Önce sosyal medya gündemine, ardından son dakika haberlerine bomba gibi düşen bir haber aldık. Benim de yakından tanıdığım, karakterine, insanlığına, saygısına kefil olacağım; kadın basketbolunun simge isimlerinden olan Işıl Alben, uzun yıllar Galatasaray formasını terletip, 3 Avrupa Kupası kazanarak efsaneleştiği sarı-kırmızılı takımdan ayrıldığını açıkladı.
“Çok değerli Galatasaray Ailem; bilmenizi isterim ki bu satırları böyle bir günde yazmak benim için çok zor. Ancak çıkan haberlerle ilgili bir açıklama yapmam gerekiyor. Kulübüm 31 Ocak 2020 tarihinde yeni sezon sözleşmemi tek taraflı olarak feshetti. Şubat’ın ilk haftasında görüşmeye çağrıldım ve üzerime düşen fedakarlığı yapmaya hazır olduğumu söyledim.
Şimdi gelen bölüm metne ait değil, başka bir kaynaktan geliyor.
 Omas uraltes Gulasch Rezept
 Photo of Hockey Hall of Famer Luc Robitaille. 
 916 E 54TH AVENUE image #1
Yöneticilerimizin uygun gördüğü, feshedilen sözleşmemin yaklaşık yüzde 40’ına denk gelen indirimi yapıp yeni sözleşmeyi kabul ettim.
Aradan 4.5 ay geçmesine rağmen şube profesyonellerinden tarafıma bir sözleşme gelmemesi benim için takımda istenmediğimin kanıtı oldu. Bu şartlar altında 12 senedir gururla taşıdığım 10 numaralı formamdan ‘Şimdilik’ ayrılıyorum. Galatasaray’a ve sizlere olan sevgim, ben nefes aldığım sürece devam edecek. Desteğini ve elini her zaman sırtımda hissettiğim Fatih Terim Hoca’ma, Sayın Başkanım Mustafa Cengiz’e, tüm Galatasaray camiasına ve siz büyük Galatasaray taraftarına sonsuz teşekkürlerimi sunuyorum.”
KENDİMİ TUTAMAM
Bildiğiniz gibi bu köşe ve satırlar engelli sporlarının ve sporcularınındır. Ama iş saygısızlık, terbiyesizlik ve tekrarlanan konular olunca herkes bilir ki ben kendimi tutamam. Daha önce de benzer konuları Galatasaray’da çeşitli başkanlarla ve Tekerlekli Sandalye Basketbol Şubesi ile yaşadık. Hatta geçmişte Işıl’ın yaptığı fedakarlığı yapan çok fazla spor insanını harcadı bu şube.
Karşında senin Avrupa Şampiyonu takımının kaptanı varsa ve kalkmış sana sözleşmesi üzerinden sadece aşık olduğu sarı-kırmızı renklere bağlılığı yüzünden feshedilen sözleşmesinin yüzde 40’ına denk gelen indirim fedakarlığında bulunuyorsa ve sen ‘basketbol şubesi’ olarak tenezzül edip takım kaptanına 4.5 ay geri dönmüyorsan bu işte bir sıkıntı vardır. Yok yok, bu işte bir saygısızlık vardır.
SAHİ SİZ KİMSİNİZ?
Benim çok kullandığım, benimle çok özdeşleşmiş bir de laf vardır bu durumlar için: ‘Sevgide serbestlik, saygıda mecburiyet.’ Kimse birbirini sevmek zorunda değil ama birbirine saygı duymak zorunda.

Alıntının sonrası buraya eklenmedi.